Welcome to Pusat Dokumentasi Arsitektur Library

Artikel Detail

Cagar budaya : Istana Gebang, riwayatmu kini

Format : Artikel

Impresum
- : , 2008

Deskripsi
Sumber:
Suara Pembaruan: Minggu, 4 Mei 2008

Isi:

BANGSA yang besar adalah bangsa yang senantiasa mengingat jasa para pahlawannya. Oleh karena itu, jangan sekali-kali melupakan sejarah (jasmerah). Itulah sepenggal pesan yang sering disampaikan Bung Karno (BK), panggilan populer Presiden Pertama Republik Indonesia Dr Ir Soekarno, Proklamator, dan Bapak Pendiri Bangsa.

Tidak sedikit bangsa di dunia memuji kegigihan perjuangan BK yang telah mengilhami para pejuang kemerdekaan dari negeri-negeri terjajah di belahan dunia lain- nya. Bapak penggali nilai-nilai Pancasila itu sudah lama tiada, dan meninggalkan begitu banyak tempat bersejarah. Dari sederet tempat bersejarah itu, salah satunya adalah rumah kediaman orangtuanya. Rumah kediaman masa kecil BK.

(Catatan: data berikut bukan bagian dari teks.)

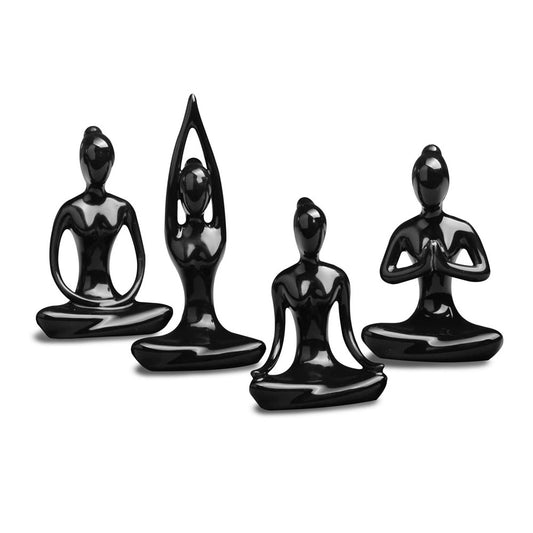 4Pcs Black Yoga Pose Statue Figurine Meditation Sculpture Ceramic Home Decor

Rumah masa kecil BK di Jalan Sultan Agung 56 Blitar, Jawa Timur, dengan gaya arsitektur unik yang dibangun sebelum 1900, lebih sering disebut sebagai Istana Gebang. Rumah yang dipugar 1998 oleh Dewan Harian Daerah Angkatan 1945 Provinsi Jawa Timur itu, meliputi rumah (dalem) induk yang berdiri megah dengan lima kamar, empat di sisi barat dan satu kamar di sisi timur, lengkap dengan dua ruang besar untuk ruang tamu di depan dan ruang keluarga di belakang, serta sederetan kamar pembantu rumah (abdi dalem), kamar mandi, dan garasi mobil.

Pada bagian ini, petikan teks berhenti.